Work to complete: Every line from the one holding "Поштовий ящик Verda" through the one holding "Positano, Italien Vintage" in the data below must be returned exactly, both ends included, with pictures left out and nothing else added.

Supplied data:

+===+

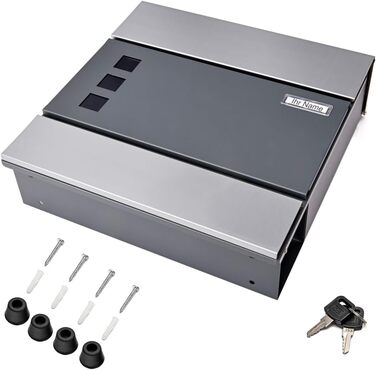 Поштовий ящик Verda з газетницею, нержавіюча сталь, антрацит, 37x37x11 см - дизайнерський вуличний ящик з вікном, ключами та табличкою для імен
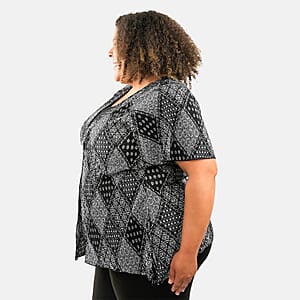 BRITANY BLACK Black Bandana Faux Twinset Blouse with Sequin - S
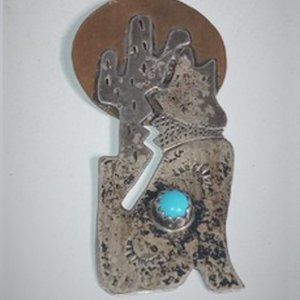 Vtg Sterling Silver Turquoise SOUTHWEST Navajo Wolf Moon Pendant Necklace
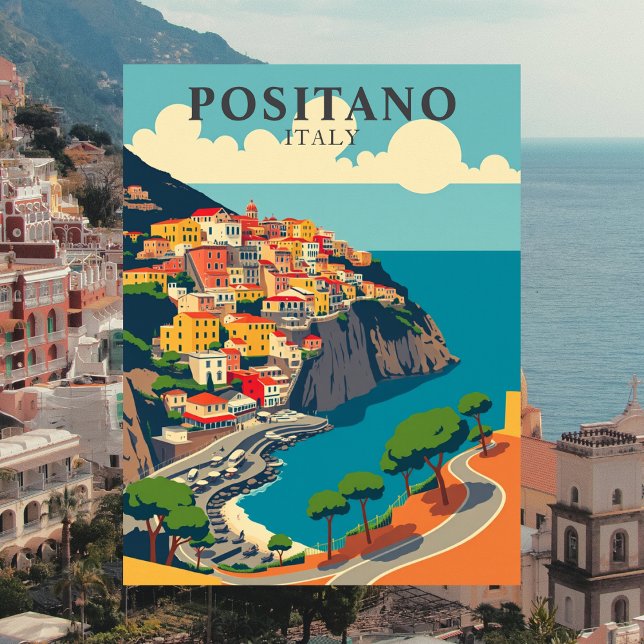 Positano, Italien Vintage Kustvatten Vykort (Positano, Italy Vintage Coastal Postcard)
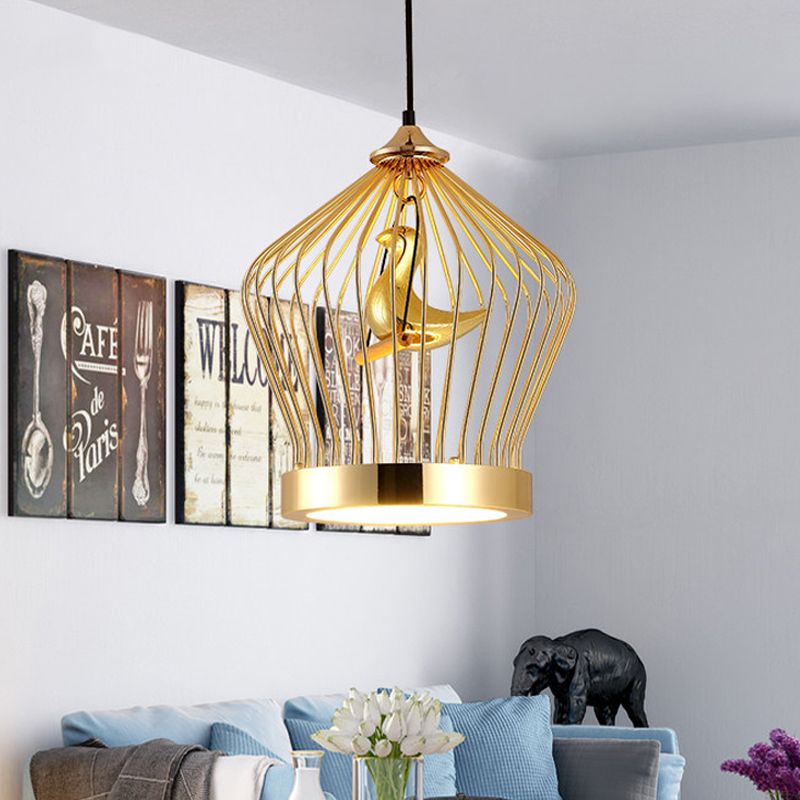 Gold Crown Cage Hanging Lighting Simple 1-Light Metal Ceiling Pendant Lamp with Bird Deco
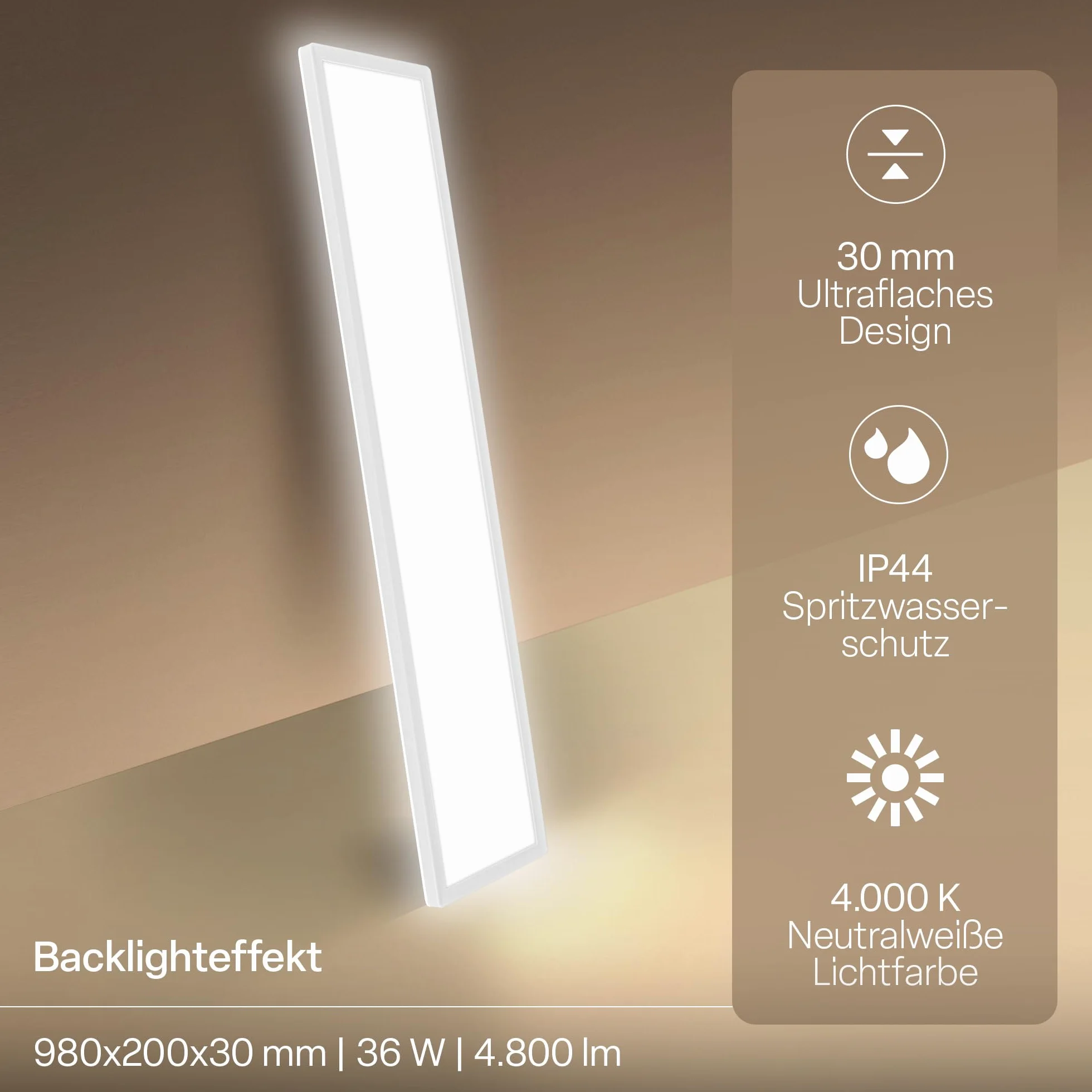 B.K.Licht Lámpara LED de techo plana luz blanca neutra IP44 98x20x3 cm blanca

+===+

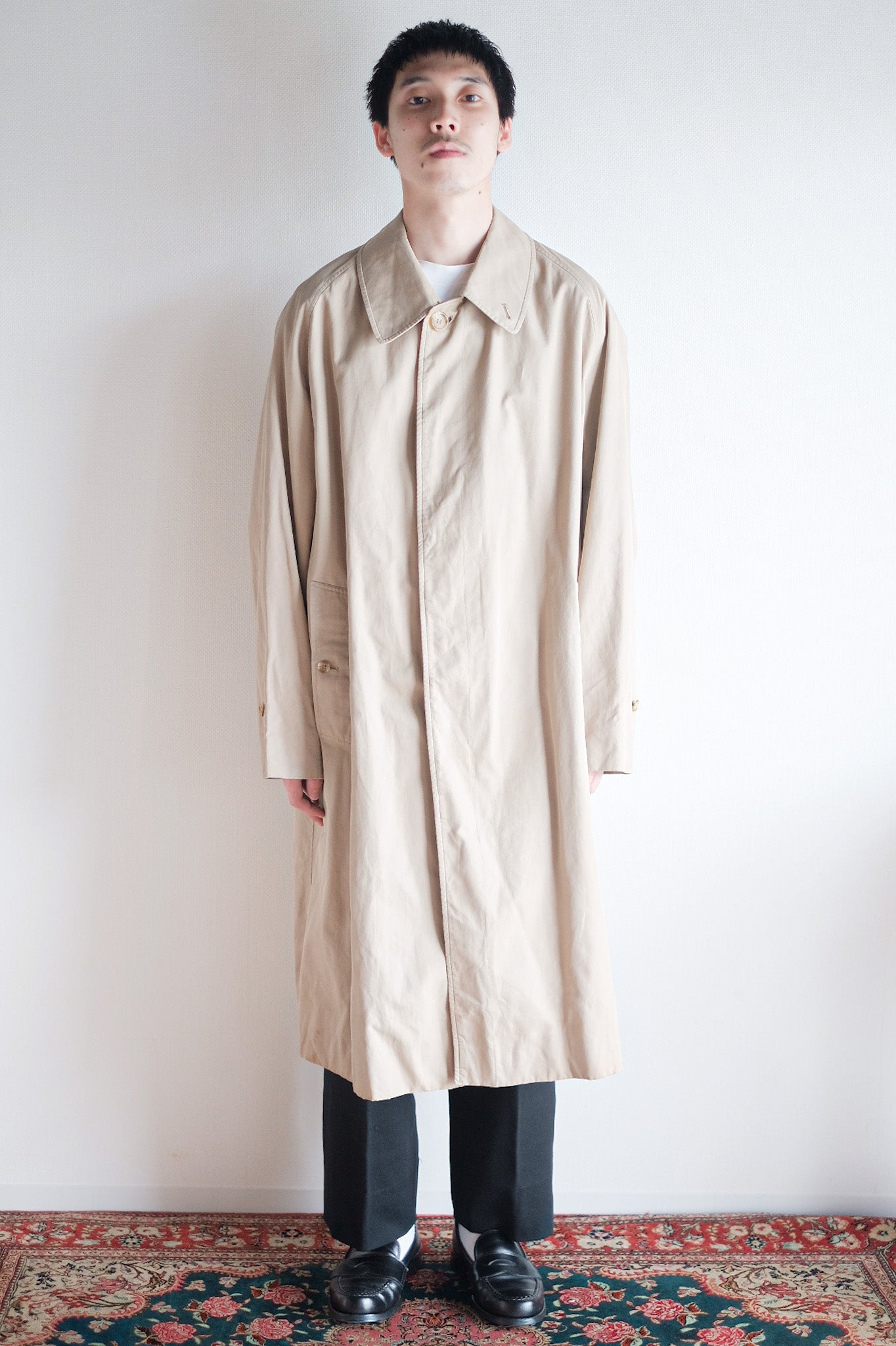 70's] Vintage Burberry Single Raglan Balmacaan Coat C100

+===+

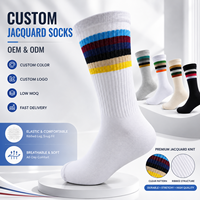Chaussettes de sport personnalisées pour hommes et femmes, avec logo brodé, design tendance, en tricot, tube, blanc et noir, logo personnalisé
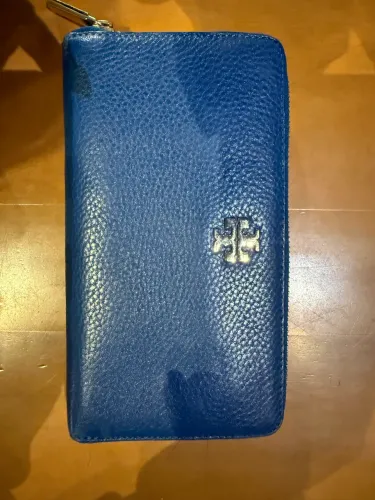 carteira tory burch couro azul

+===+

Exercise answer:
 Поштовий ящик Verda з газетницею, нержавіюча сталь, антрацит, 37x37x11 см - дизайнерський вуличний ящик з вікном, ключами та табличкою для імен
 BRITANY BLACK Black Bandana Faux Twinset Blouse with Sequin - S
 Vtg Sterling Silver Turquoise SOUTHWEST Navajo Wolf Moon Pendant Necklace
 Positano, Italien Vintage Kustvatten Vykort (Positano, Italy Vintage Coastal Postcard)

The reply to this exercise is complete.